Your objective
Only an exact repeat of the listing, without its images, counts as the answer.

Collected data
=== Begin Enclosure ===

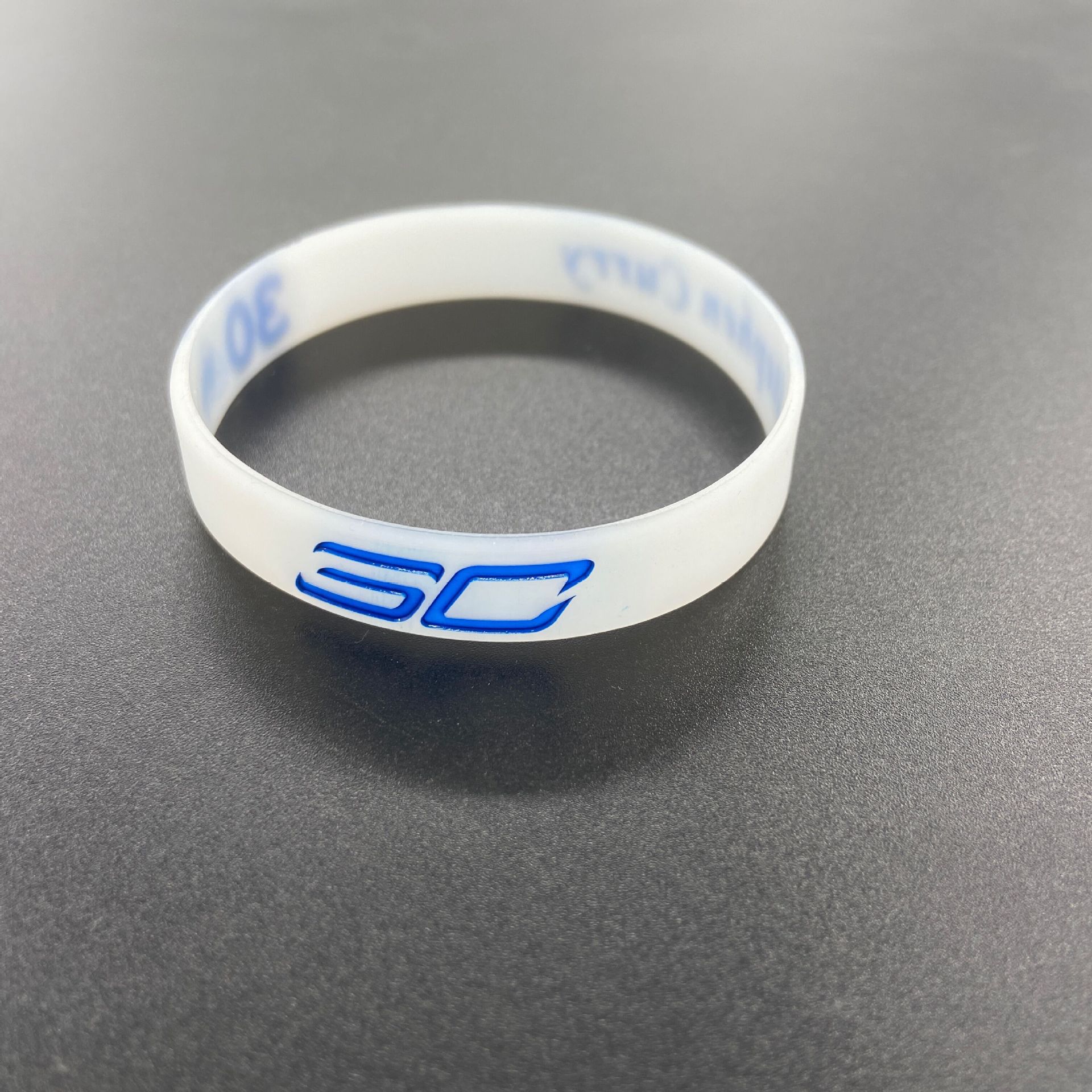 现货夜光篮球手环詹姆斯欧文杜兰特库里哈登nba透明白色荧光手环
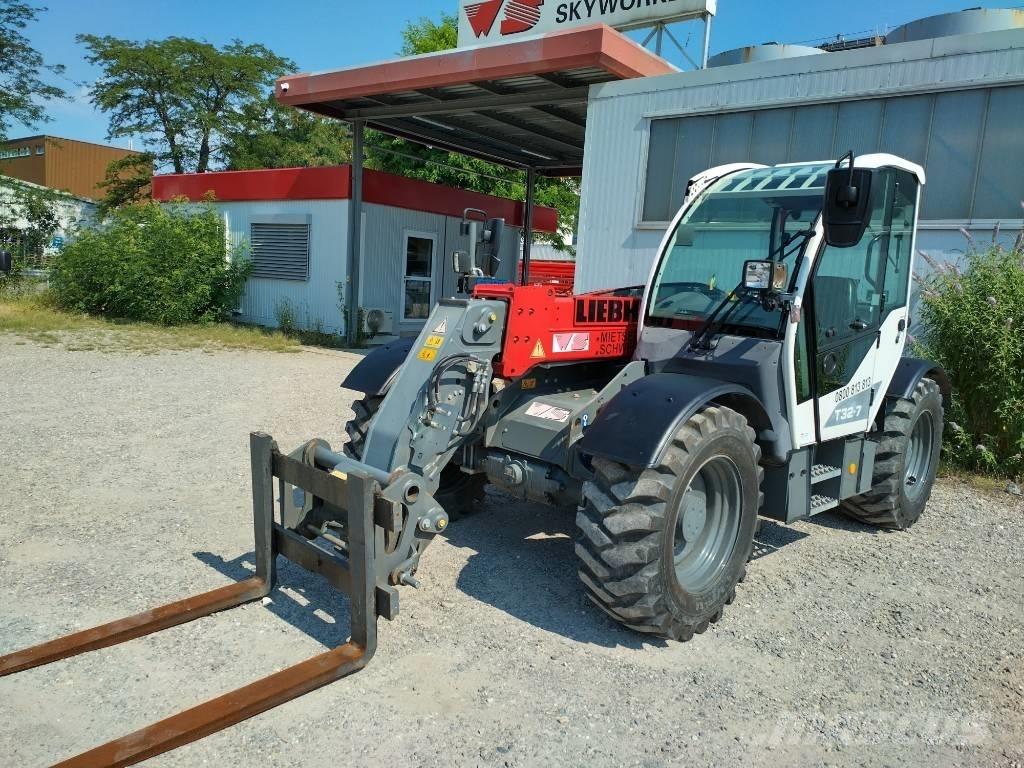 Liebherr T 32-7 텔러 핸들러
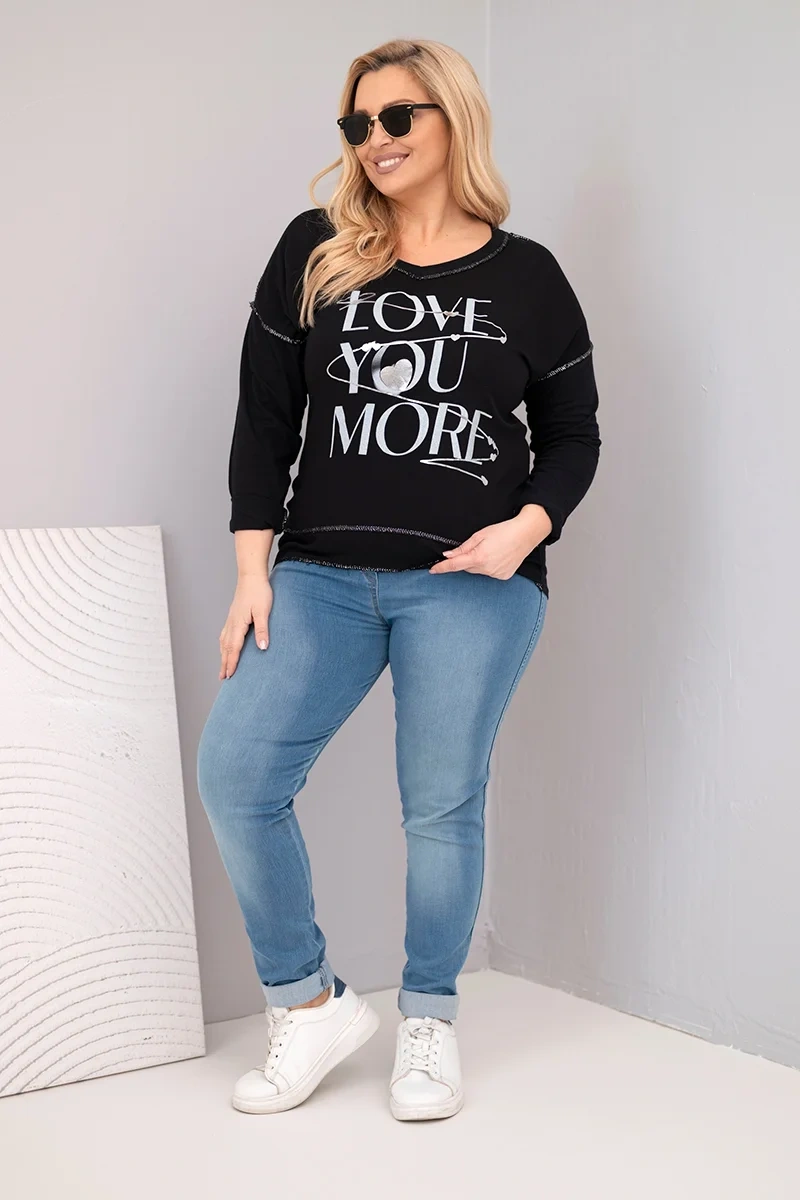Bluzka damska Plus Size przecierana z napisem Love You More czarna - obrazek 3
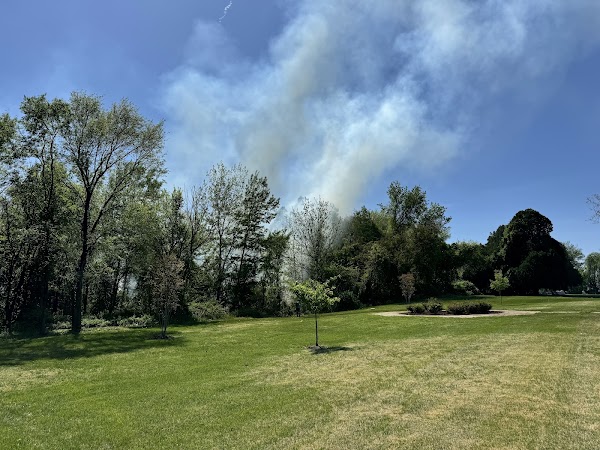 Oak Lawn Cemetery grounds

=== End Enclosure ===

Answer
 现货夜光篮球手环詹姆斯欧文杜兰特库里哈登nba透明白色荧光手环
 Liebherr T 32-7 텔러 핸들러
Bluzka damska Plus Size przecierana z napisem Love You More czarna - obrazek 3
 Oak Lawn Cemetery grounds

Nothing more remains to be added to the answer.